**WHAT THE EXERCISE ASKS:**
Your task is to reproduce exactly the lines from the one containing "Nike Men's Tour" through the last line below, both ends included, and nothing else, with no pictures.

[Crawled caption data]
= = = = =
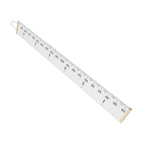 Kids Growth Chart Accurate Baby Height Growth Chart Ruler Removable Canvas Wall Hanging Measurement Chart for Home Classic White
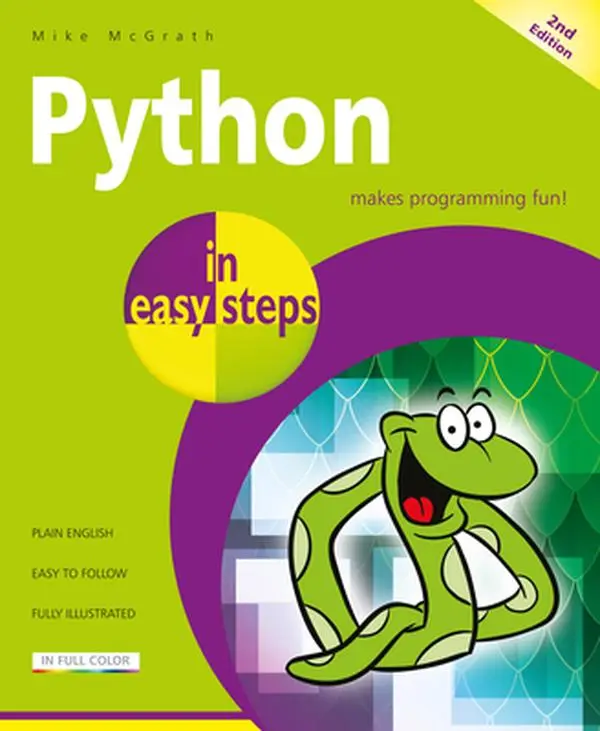 USED Book - Python in Easy Steps by McGrath, Mike (Paperback) - english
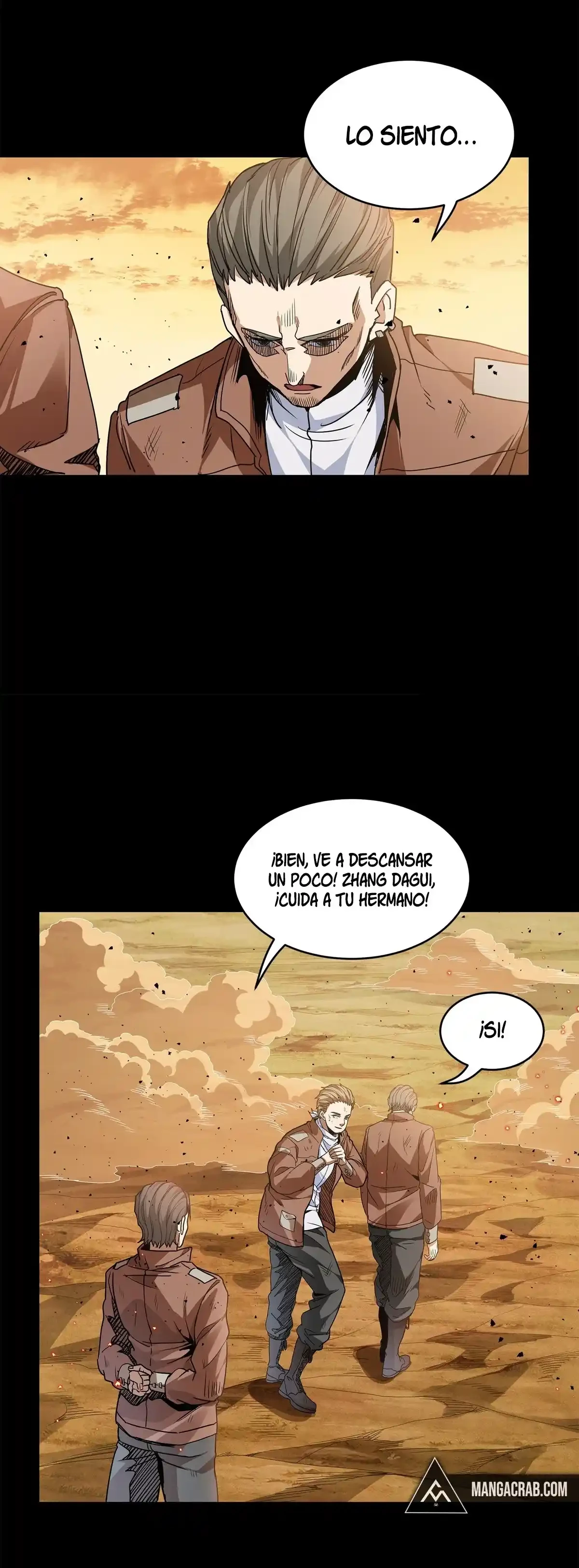 Leyenda del General Estrella capítulo 122, página 35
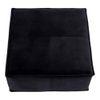Amma Ottoman in Black Colour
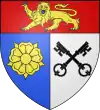 Blason de Le Mesnil-Villeman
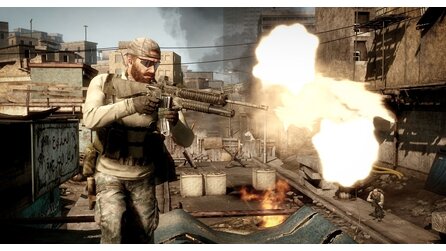 Medal of Honor - Multiplayer-Spielszenen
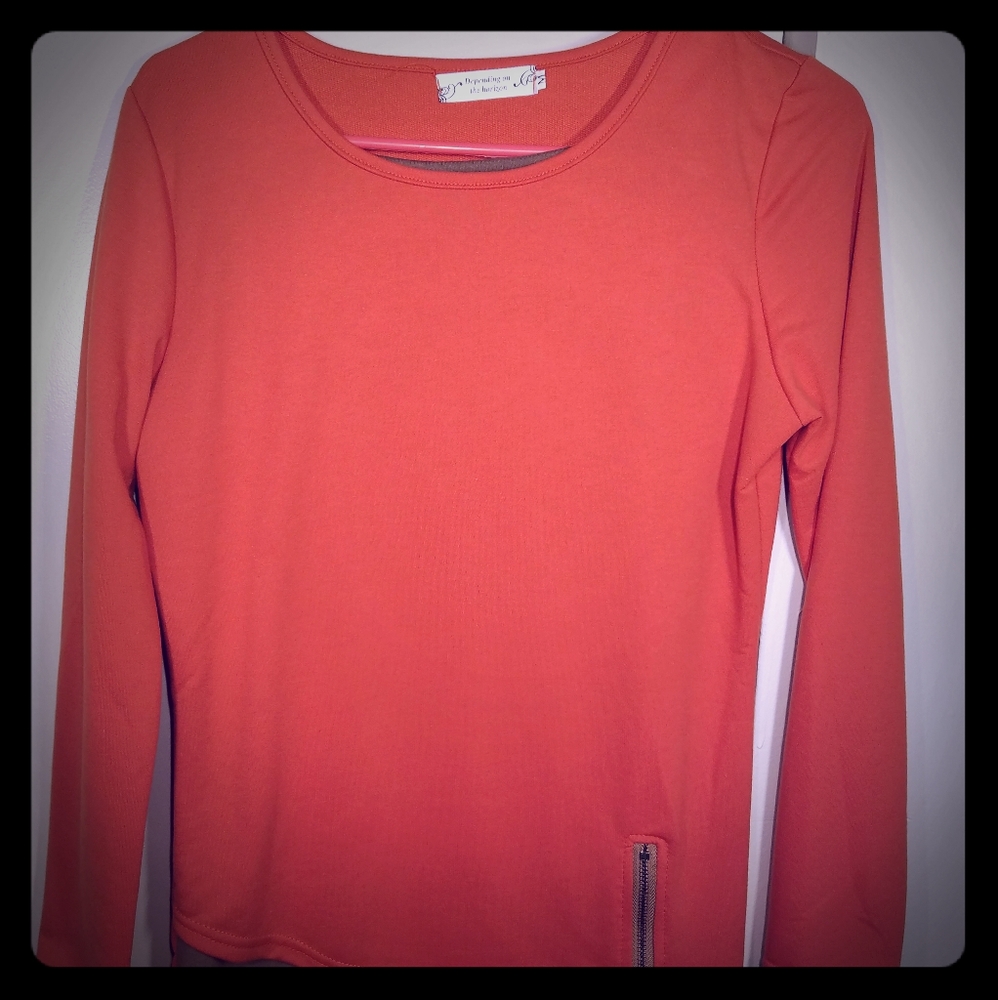 3/4 sleeve womens shirt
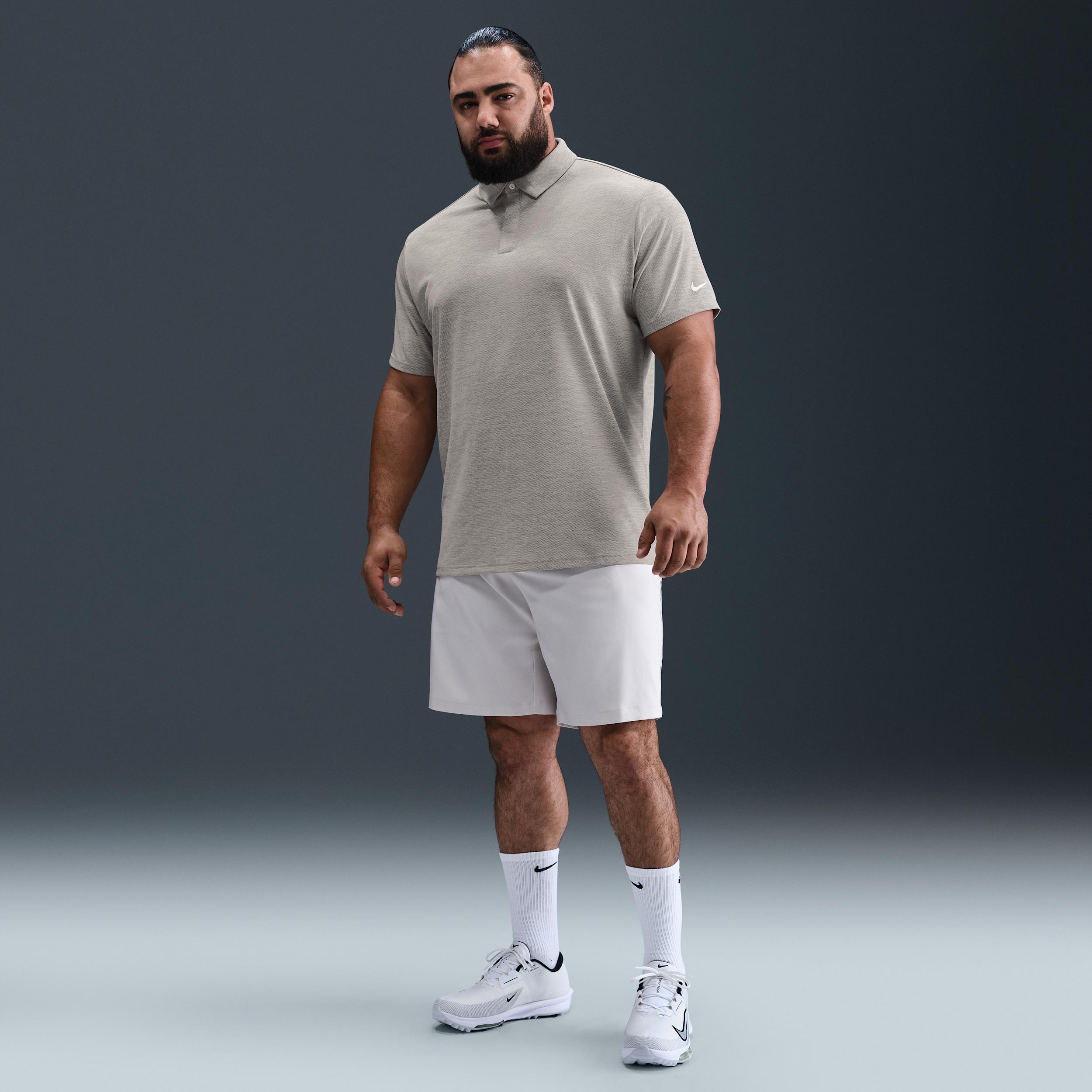 Nike Men's Tour Dri-FIT Jacquard Golf Polo Product Image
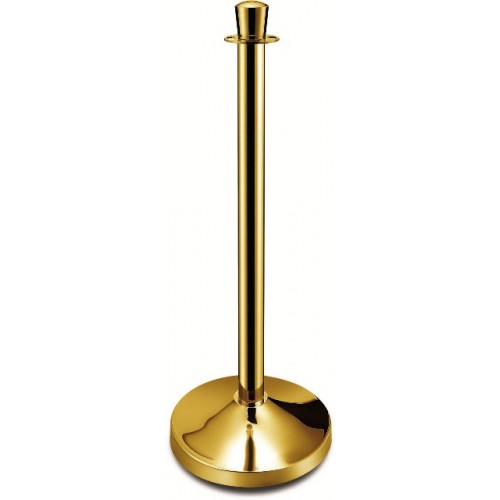 Atitvėrimo stulpeliai ECO aukso sp. su cilindro formos viršūne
= = = = =
**EXERCISE ANSWER:**
 Nike Men's Tour Dri-FIT Jacquard Golf Polo Product Image
 Atitvėrimo stulpeliai ECO aukso sp. su cilindro formos viršūne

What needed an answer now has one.